All Is Quiet On The Earnings Front
As far as the month is concerned, it looks like stock prices are headed down for their third straight month. The S&P 500 is down 3.3% this month and is down 5.9% for the year. The Dow lost 3.1% this month and is down 6.4% YTD. The NASDAQ is down 1.3% this month and 2.4% this year. The NASDAQ is the most overvalued market of all three major indexes. This is where the money is. This money is vulnerable to a huge setback if things don't play out as planned. Preliminary reports hint that Q1 of this year isn't going to be rosy. HP reported that their Q1 fell short on the revenue side as demand slowed as a result of companies pulling back on capex spending. Companies have been laying off more workers and energy prices and rising commodity and labor costs are zapping profit margins as there is little room to raise prices. Inventories are building and further stock market losses mean companies will have to contribute more money to fund company pension plans. Q1 is looking bad. Wall Street has got its work cut out for it. They are going to have to pull a rabbit out of the hat or turn investors' attention away from earnings. Maybe that is why they are looking at war. Energy prices have risen 42% in the last three months and gasoline prices are near or at records in certain parts of the country. Higher energy prices are an additional tax on the economy.

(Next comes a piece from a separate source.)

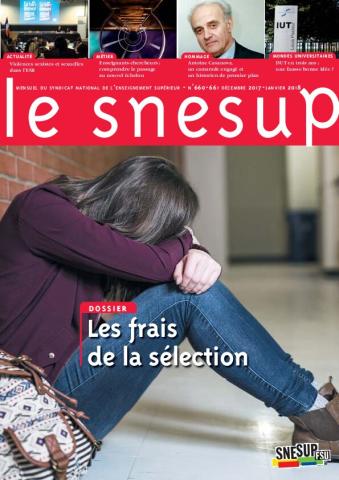 Mensuel n° 660-661, décembre 2017-janvier 2018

Volume hit 1.34 billion on the NYSE and 1.21 billion on the NASDAQ. Volume continues to decline in the market, which is not a good sign for the bulls. Breadth was negative by 19-12 on the Big Board and about the same on the NASDAQ. The VIX rose .90 to 37.02 and the VXN jumped 2.64 to 46.97.
European stocks fell as Swiss Reinsurance Co. became the region's latest insurer to say it will reduce its dividend and Aviva Plc, the U.K.'s biggest insurance company, said profit may decline this year if stocks drop further. The Dow Jones Stoxx 50 Index fell 1.1% to 2113.70, paced by Bayer AG as the drugmaker said it may put aside money to settle lawsuits over cholesterol treatment Baycol. The Stoxx 600 Index shed 0.9% to 177.40. Both indexes dropped for a fifth day in six.
Japan's Topix stock index fell for a seventh day, its longest losing streak in 20 months. Mizuho Holdings Inc. slid after saying it plans to sell $1 billion of preferred shares, which will dilute shareholders' returns. The Topix dropped 0.1% to 818.38, with Mizuho, the world's largest bank by assets, slumping to a six-week low. The Topix had its longest string of losses since the seven days ended June 19, 2001. The Nikkei 225 Stock Average was little changed, shedding 3.68 points to 8356.81.